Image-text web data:
__________________________________________________

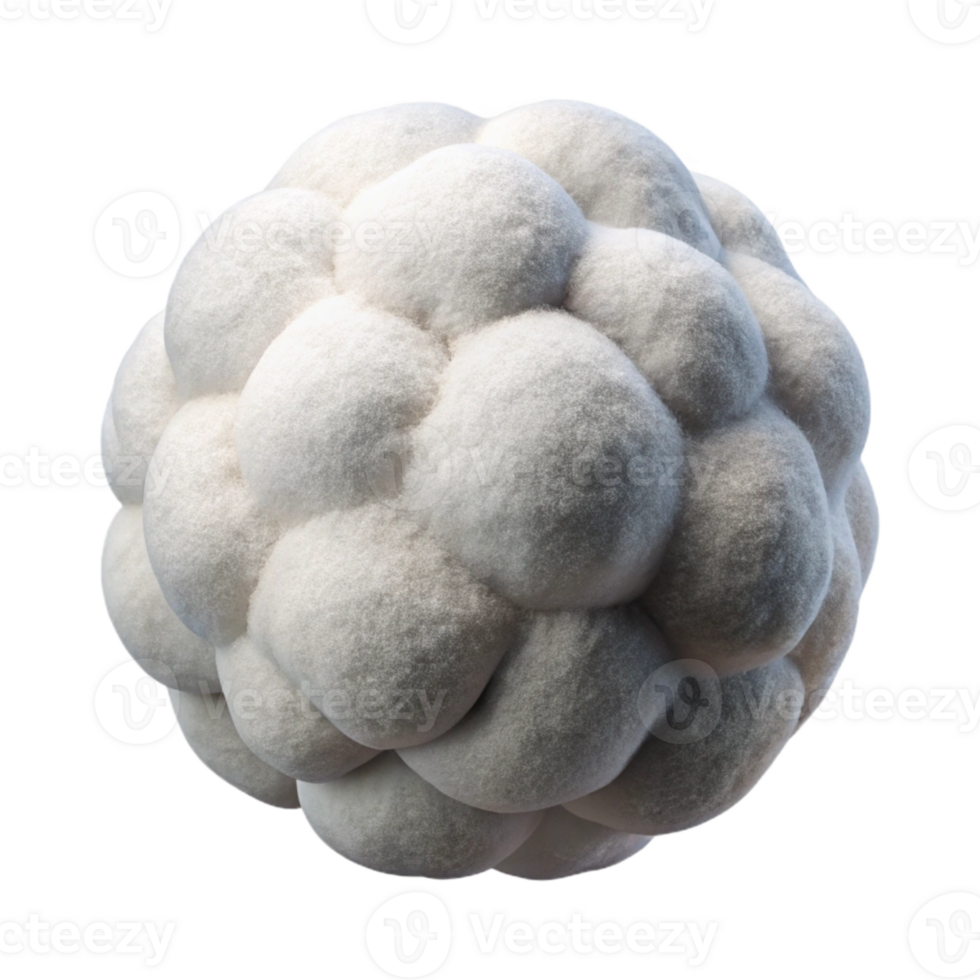 dramatic classic White Cotton Ball Cutout with Fluffy Texture authentic png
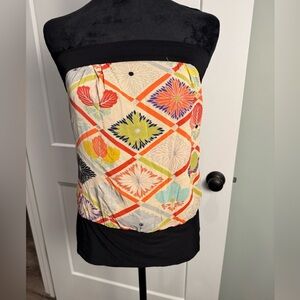 Trina Turk Los Angeles Silk Japanese print tube top strapless blouse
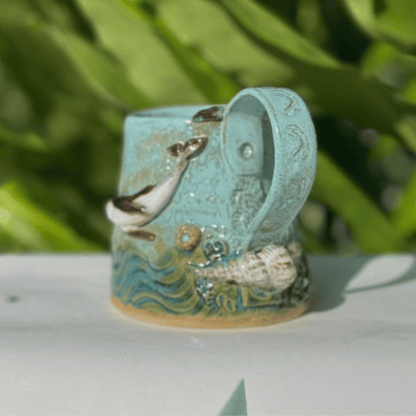 Ocean themed handmade ceramic mug Sunshine Coast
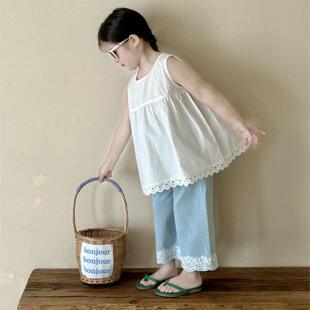 女童森系套装2024夏季新款儿童韩系白色上衣宝宝时髦花边裤子夏天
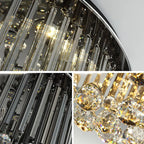 Luxury Crystal Ceiling Lamp: Modern Elevated Round Hanging Lighting for Home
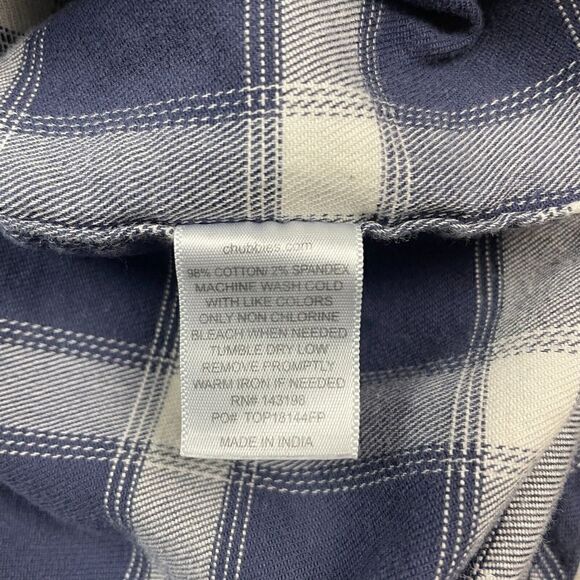 Chubbies Shirt Mens Large Blue The Nutter Plaid Casual Buttons - Picture 5 of 11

__________________________________________________

### ABOUT THIS EXERCISE
Since the copy must contain no pictures, return only the text of the records, exactly as it stands.

### TASK RESULT
 dramatic classic White Cotton Ball Cutout with Fluffy Texture authentic png
 Trina Turk Los Angeles Silk Japanese print tube top strapless blouse
 Ocean themed handmade ceramic mug Sunshine Coast
 女童森系套装2024夏季新款儿童韩系白色上衣宝宝时髦花边裤子夏天
 Luxury Crystal Ceiling Lamp: Modern Elevated Round Hanging Lighting for Home
 Chubbies Shirt Mens Large Blue The Nutter Plaid Casual Buttons - Picture 5 of 11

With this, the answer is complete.